Team Atlantis has explored and surveyed many sites around the world, including:

- Egypt (1996): Here, Arbuthnot and his team traveled extensively along the Giza Plateau. Arbuthnot developed his Orion Pyramid Theory while in Egypt.
- Grand Cayman Island, Caribbean (1997): Arbuthnot participated in the mapping of the remains of the Geneva Kathleen, a schooner that sank in 1930.
- Yonaguni, Japan (1998): In Japan, Arbuthnot organized an expedition that examined the Yonaguni Monument and created a film documentary of the experience.
- Cat Island, Bahamas (2000): Team Atlantis journeyed to the Bahamas to explore the possibility of ancient shorelines submerged in the shallow water of the Great Bahama Bank.
- The Gulf of Mexico (2000): Arbuthnot and other members of Florida State University's Program in Underwater Archaeology excavated submerged prehistoric sites and shipwrecks under the direction of Dr. Michael Faught.
- Yucatán, Mexico (2000): Team Atlantis explored Mayan ruins at Tulum and Chichen Itza and digitally documented their trip.
- La Jolla in San Diego, California (2005): Underwater artifacts were first discovered here in the early 1900s. Team Atlantis decided to make a trip to California to investigate. The team discovered a total of six artifacts, including a stone bowl, dated 4000 to 7000 years ago. This contributes to the already over 2000 artifacts recovered in this area of at least 34 submerged sites.

==More about La Jolla==

Team Atlantis Productions sought to open the eyes of the public to archaeological mysteries off the coast of San Diego through their show, "La Jolla's Sunken City." Michael Arbuthnot, the Writer/Producer of the show, paired with Director/Editor David Faires, to take underwater cinematography to new depths. Arbuthnot has been described as "one of the most recognisable archaeologists in the United States" for his contributions to film and archaeology. In particular, he is known for his survey of the R.M.S Titanic with Director James Cameron for the Discovery Channel in 2005.

As stated previously, artifacts were first found in the early 1900s.
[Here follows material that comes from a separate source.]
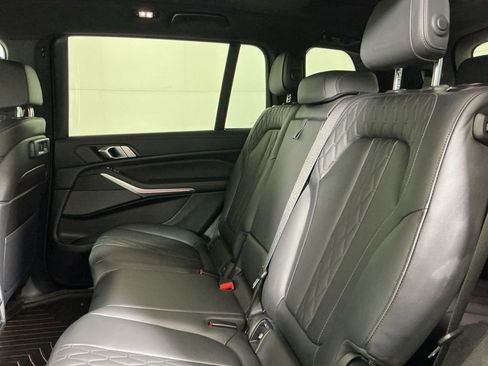 Certified 2022 BMW X7 M50i w/ Cold Weather Package AWD/4WD image 26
Children would return to the shore from playing in the shallow water with small stone bowls. Scuba diving became increasingly popular in the 1950s, leading to more exploring around La Jolla. Due to this exploration, more than 2000 artifacts have been recovered. Some date to more than 5000 years ago. At least 34 submerged sites have been discovered in places as deep as 30 meters. Some scientists believe that La Jolla is an entire sunken village. In "La Jolla's Sunken City," Arbuthnot and Faires explore several hypotheses concerning how these objects were originally deposited, and they reveal never before seen artifacts.
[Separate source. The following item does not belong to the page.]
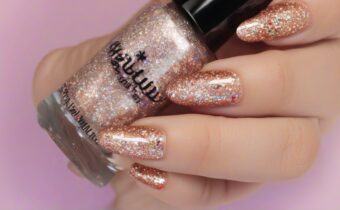 Holiday Glitter Nail Trends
Arbuthnot had trouble at the beginning of the expedition, but was eventually successful in finding artifacts at La Jolla. According to the CineForm article on La Jolla:
Their success was aided by the help of a small octopus. A diver was tracking it, when the octopus stopped behind a round stone. This 'stone' turned out to be a beautiful stone bowl, which eventually led the team to discovering a total of six artifacts in 20 feet of water. Arbuthnot speculates that these ancient finds date to between 4,000 and 7,000 years ago!

==Currently==

Arbuthnot has worked on underwater archaeology projects in Florida, North Carolina, Georgia, and the Caribbean since 1997. He has surveyed, mapped, excavated, interpreted and analyzed artifacts, and published reports on a variety of diverse archaeological sites. He continues his work, based mainly in Florida. He also functions as Newsletter Editor for the Florida Archaeological Council.

Arbuthnot presently serves as a Senior Project Manager for SEARCH, a leading cultural resource company based in Florida.

Arbuthnot is working with the Discovery Channel to create the television show "America's Lost Vikings", about the location of the mythical Viking Vinland, and where they may have settled along Canada and the United States.

==Secret Worlds with Michael Arbuthnot==

Arbuthnot's documentary Secret Worlds with Mike Arbuthnot began airing on the travel channel in 2010.

==Family==
Born in Oakland, California, son of Robert Murray Arbuthnot, Michael is married to Serena Lynn Conrad who had two sons by her first marriage. They live in St Augustine, Florida.